Each storage deal generates a unique CommR including deals where same data is stored with multiple storage miners or where multiple deals for the same data are made to a single miner.
Proof of Spacetime runs repeatedly to prove a miner is continuing to
dedicate storage space to the same data over time. This process requires Merkle Inclusion Proofs which are regular checks to ensure that a random selection of encoded data is present at the right location.
* The miner uses the privately stored CommRLast to match the replica merkle root hash to the random hash bytes without revealing the value of the hash.
* After paying a collateral to store user data, if a miner fails a proof of
spacetime at any point, they will be penalized.
Both PoRep and PoSt processes use zk-snarks for compression during sector sealing and spacetime proofing respectively.
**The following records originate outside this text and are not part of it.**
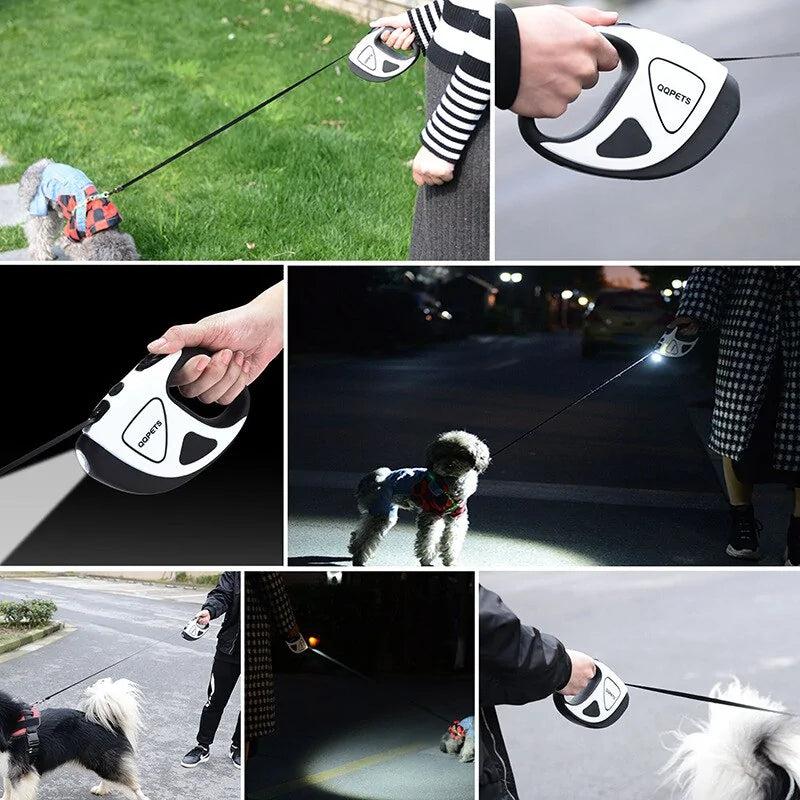 SafePaw – Inklappbar hundeleine med LED-lamper
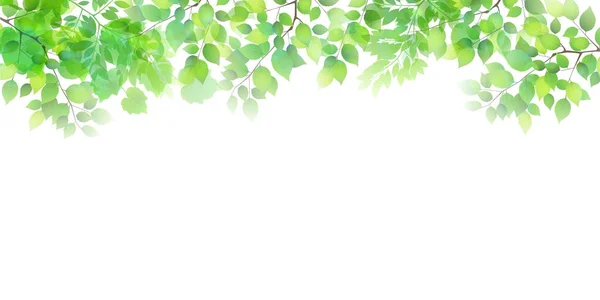 New Green Leaf Green Background — Stock Vector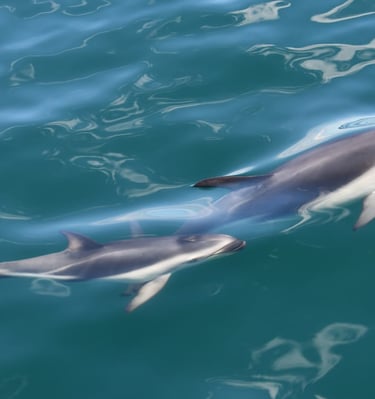 avistaje de delfines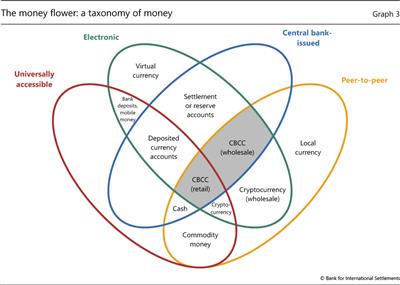 The money flower: a taxonomy of money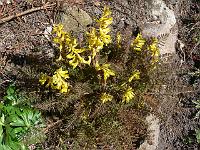 05-04-2007_13-03-14_29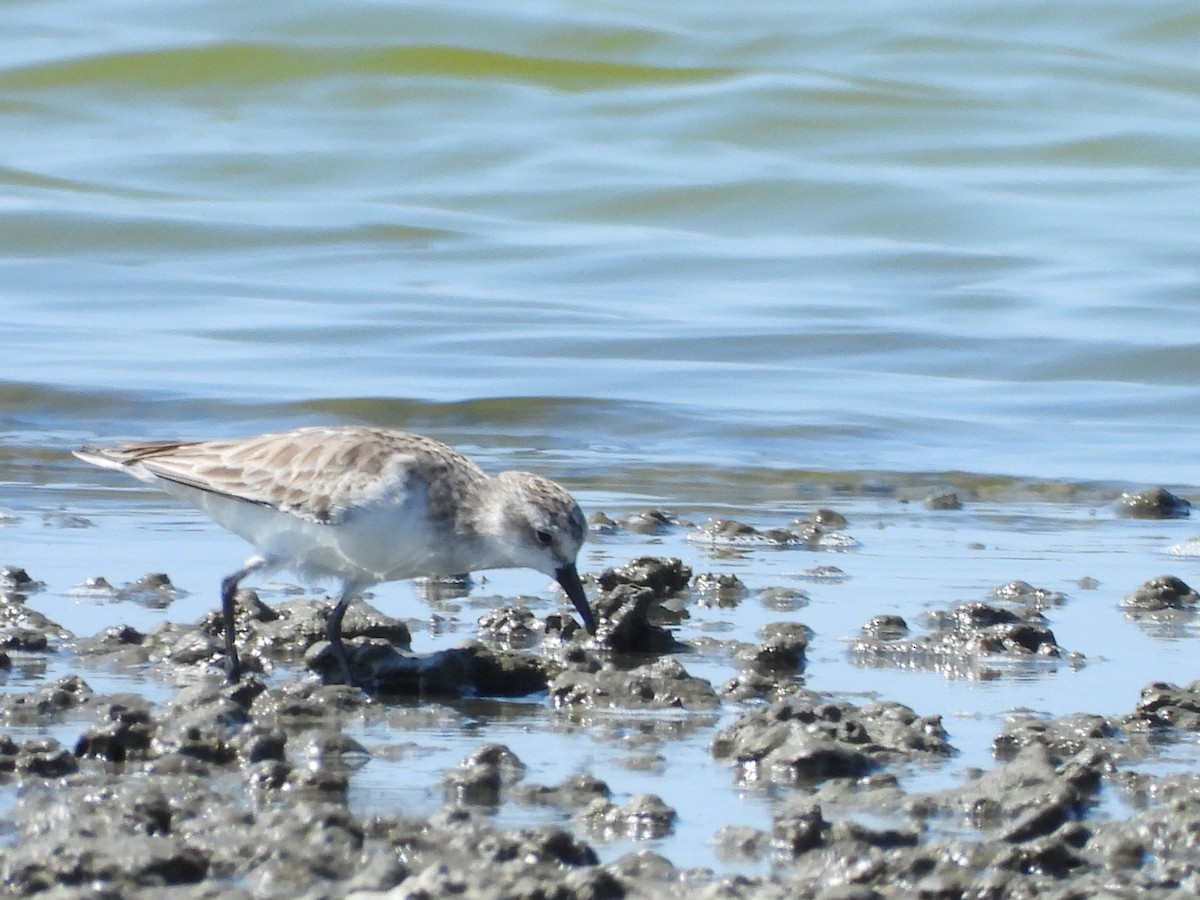 Rotkehl-Strandläufer - ML615742728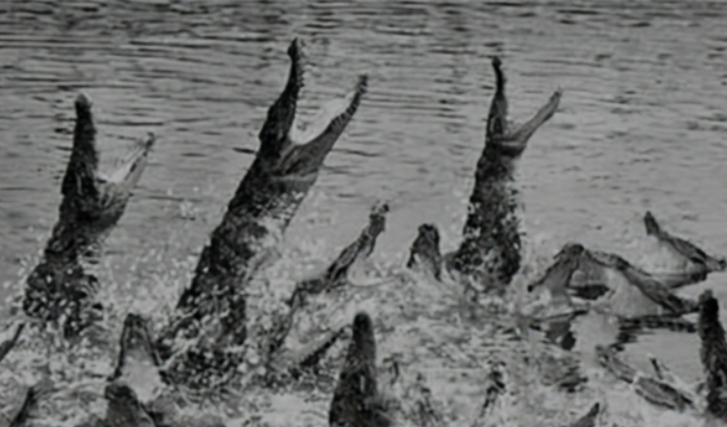 ��սʱ�ڣ�һҹ֮�䣬1000�����վ����񣬳���������������в�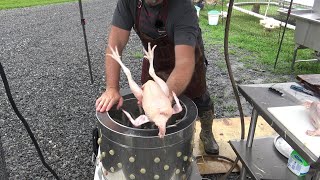 The easy way to process and butcher chicken [upl. by Anwat]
Zk-SNARKs stands for
“Zero-Knowledge Succinct Non-Interactive Arguments of Knowledge". Zk-SNARKs let us prove that a proof has been done correctly without having to reveal the details of the proof itself or the underlying data on which it's based.
The compression process is computationally expensive but the resulting
end product is small and the verification process is very fast. Zk-snarks keep the chain small and reduce the time needed for verification.
Besides the application of advanced cryptography to run publicly verifiable proofs-of-storage and blockchain technology to build a native cryptocurrency $FIL, Filecoin also incorporates storage contracts collaterals and algorithmic run marketplace with efficient pricing. All these combine to make the storage network a great service with higher availability, resilience and market-determined prices.